§ Task requirements
Any picture must be dropped, but each line of the data should be duplicated exactly.

§ Input data
________________________

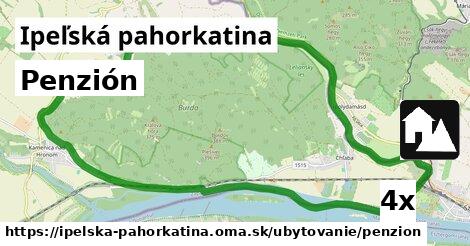 Penzión, Ipeľská pahorkatina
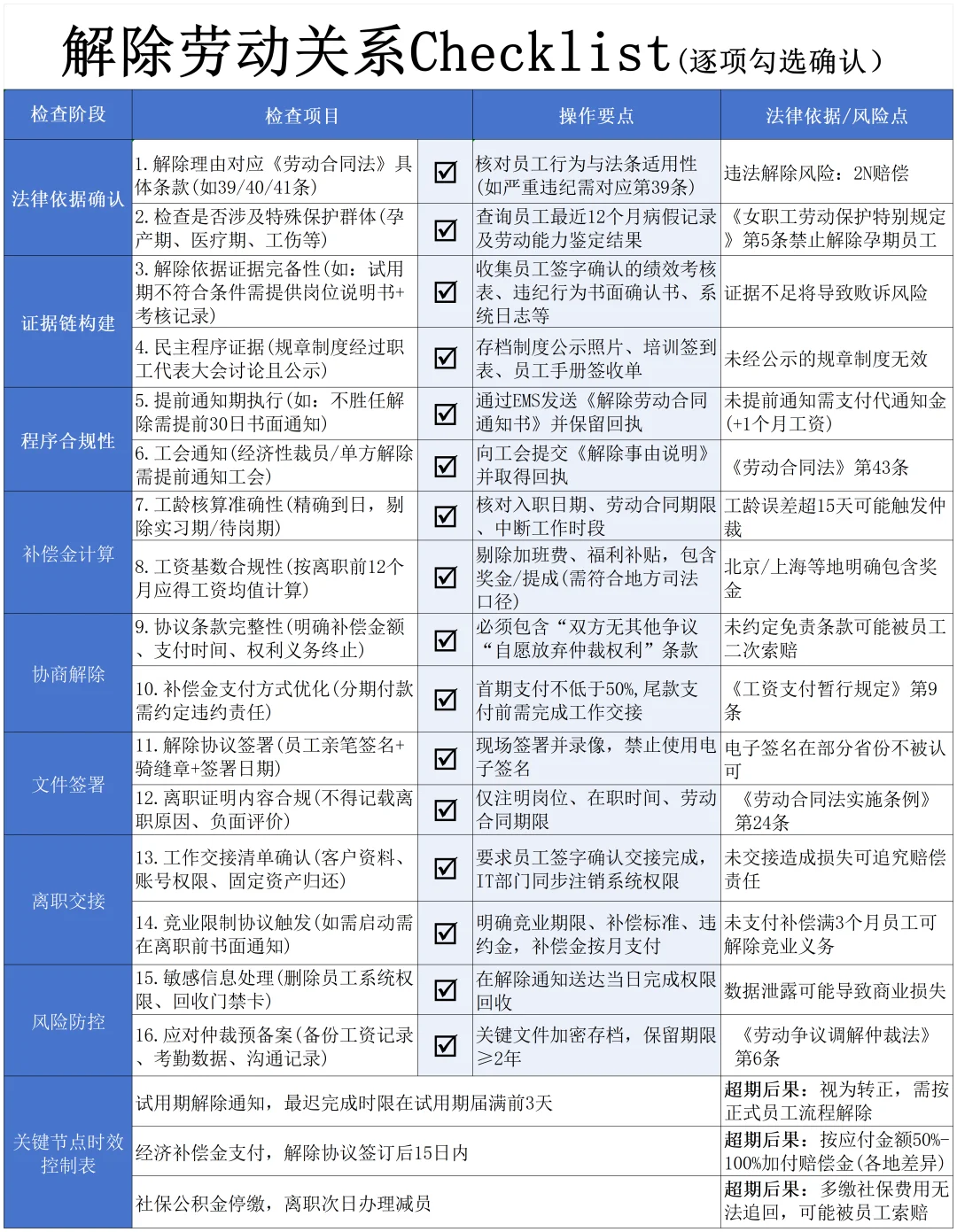 第一次见 劝退思路这么清晰的HR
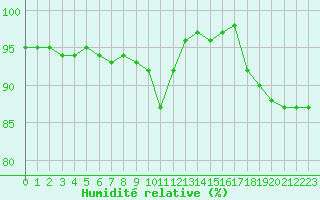 Courbe de l'humidit relative pour Gros-Rderching (57)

________________________

§ Exercise output
 Penzión, Ipeľská pahorkatina
 第一次见 劝退思路这么清晰的HR
 Courbe de l'humidit relative pour Gros-Rderching (57)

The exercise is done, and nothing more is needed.